Here real part is \[\dfrac{{1 - 2{{\cos }^2}\theta }}{{1 + 4{{\cos }^2}\theta }}\] and imaginary part is \[\dfrac{{3\cos \theta }}{{1 + 4{{\cos }^2}\theta }}\]
For the complex number to be purely real, the imaginary part has to be zero.
\[ \Rightarrow \dfrac{{3\cos \theta }}{{1 + 4{{\cos }^2}\theta }} = 0\]
Cross multiply the terms in the denominator of LHS to RHS of the equation.
\[ \Rightarrow 3\cos \theta = 0\]
Divide both sides of the equation by 3
\[ \Rightarrow \dfrac{{3\cos \theta }}{3} = \dfrac{0}{3}\]
Cancel the same terms from numerator and denominator.
\[ \Rightarrow \cos \theta = 0\]
We know \[\cos {90^ \circ } = 0\], therefore, substitute the value in RHS
\[ \Rightarrow \cos \theta = \cos {90^ \circ }\]

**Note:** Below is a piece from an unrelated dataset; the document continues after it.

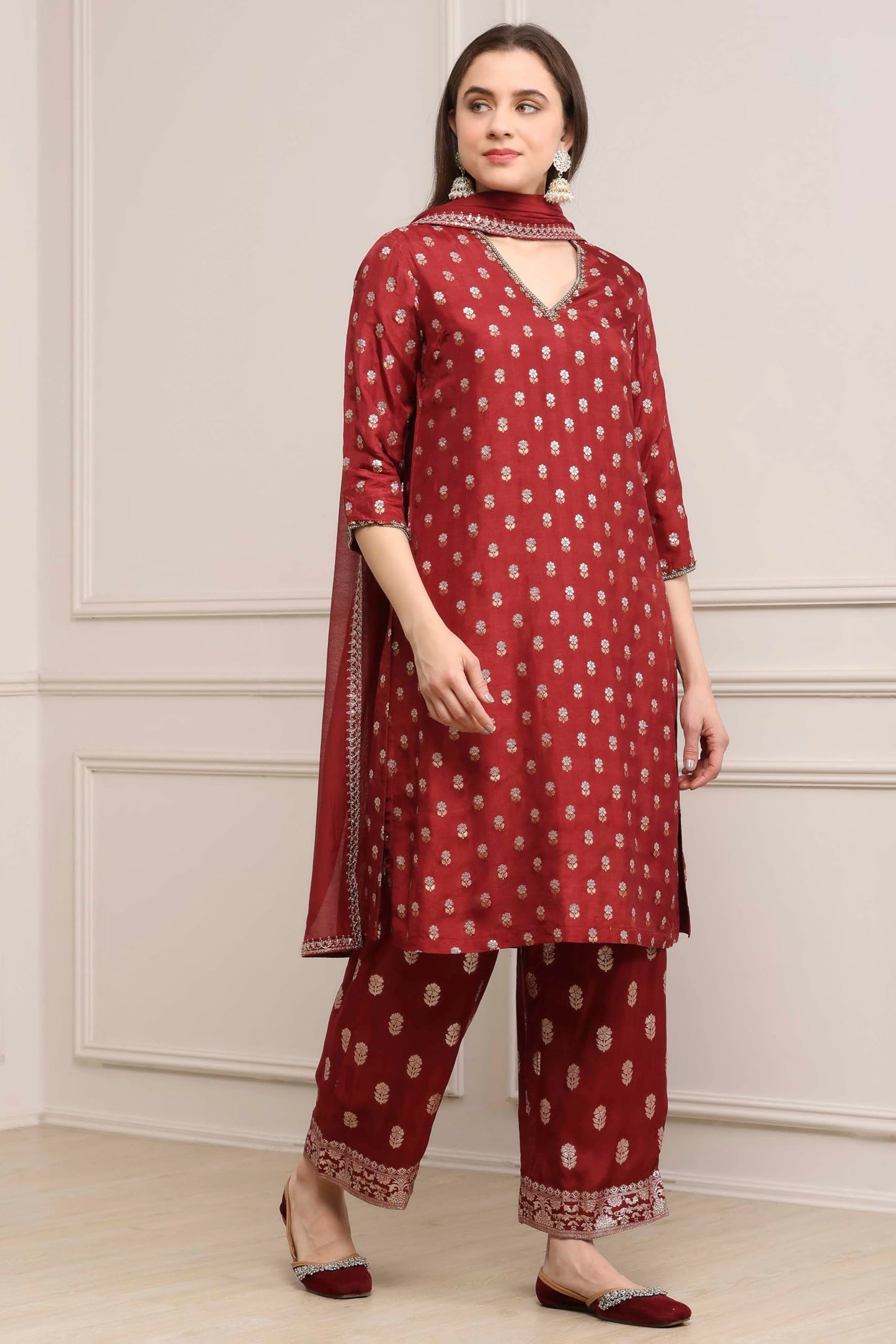 Biba Women Green-Maroon Viscose Gathered Yarndyed Suit Set_42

Comparing the angles on both sides we get
\[\theta = {90^ \circ }\].

Note: Students many times make mistakes when they try to separate the given complex number without even rationalizing it which is wrong, because a standard form of complex number does not have i in its denominator. Also, some students write the value of the imaginary part with ‘i’ along it which should be taken care of, as the imaginary part is the value except i.